CHENNAI: Indian equities ended lower on Wednesday (December 3) as the market extended its losing streak for a fourth straight session. The Sensex closed near 85,107 while the Nifty settled around 25,986, both slipping marginally in a session marked by cautious sentiment and persistent profit-booking at higher levels.
The weakness was broad, driven largely by selling in PSU banks, consumer durables, auto, FMCG and realty stocks. Several heavyweight counters also lost ground, weighing on the benchmarks through the second half of trade. Sectors such as IT and metals offered partial support, helped in part by the rupee’s continued weakness, but the strength was not enough to offset pressure across the broader market.
Investors continued to respond to currency stress and steady foreign outflows, both of which have clouded the near-term outlook. With the rupee touching fresh lows and global risk appetite still uneven, traders opted to pare positions ahead of key domestic triggers. The mood turned further defensive as pockets of volatility emerged across rate-sensitive shares in the run-up to the upcoming policy review.

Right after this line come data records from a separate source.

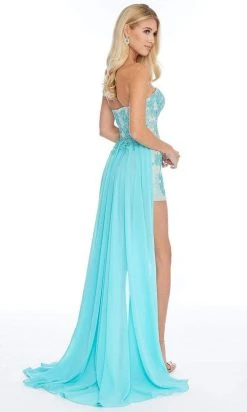 Ashley Lauren - 1689 Lace Applique Sweetheart Romper With Overskirt 9 Ashley Lauren - 1689 Lace Applique Sweetheart Romper With Overskirt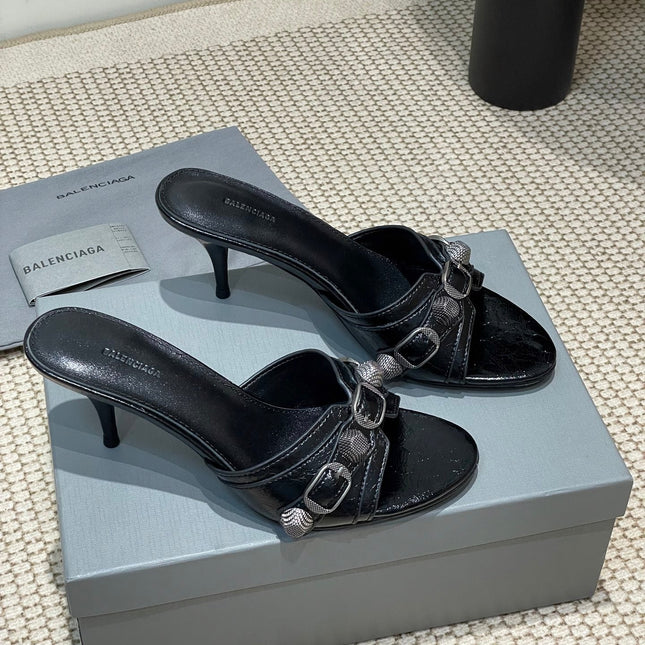 CAGOLE HIGH MULES IN BLACK OIL-WAX SHEEPSKIN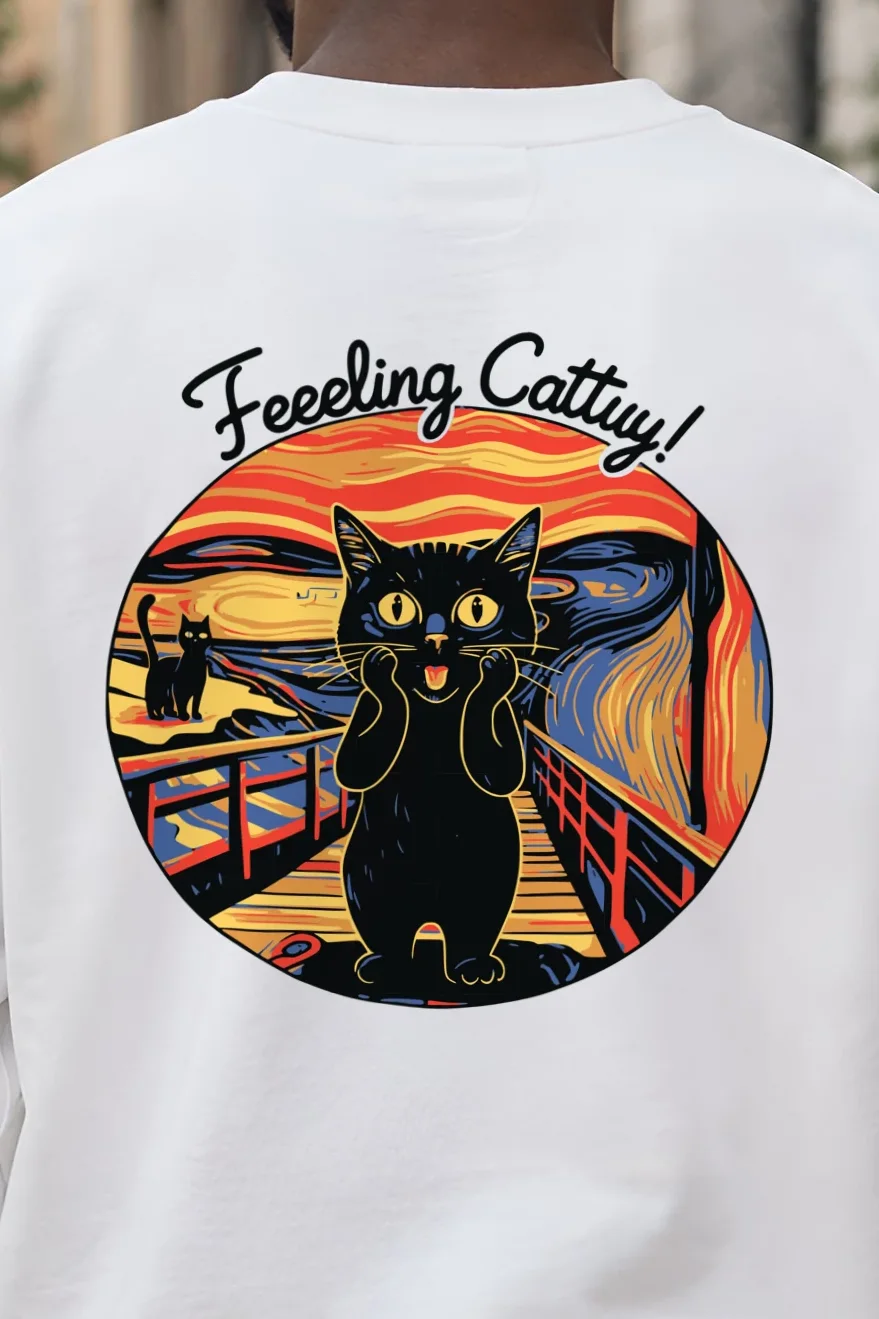 "Feeling Catty" 1 Crewneck Sweatshirt - the graphic up close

Market breadth remained weak throughout the session, reflecting continued consolidation after the recent rally. Analysts noted that Nifty faces stiff resistance in the 26,100–26,300 zone, while immediate support is seen around 25,900–25,850. Until the index decisively moves above the upper band, upside momentum is expected to remain limited, and the market may continue oscillating within a narrow range.
For investors, the ongoing drift suggests a cooling phase rather than a deep correction, though caution is likely to dominate near-term sentiment. The next set of cues from the Reserve Bank of India, along with any improvement in foreign flows or currency stability, will play a decisive role in shaping direction over the coming sessions.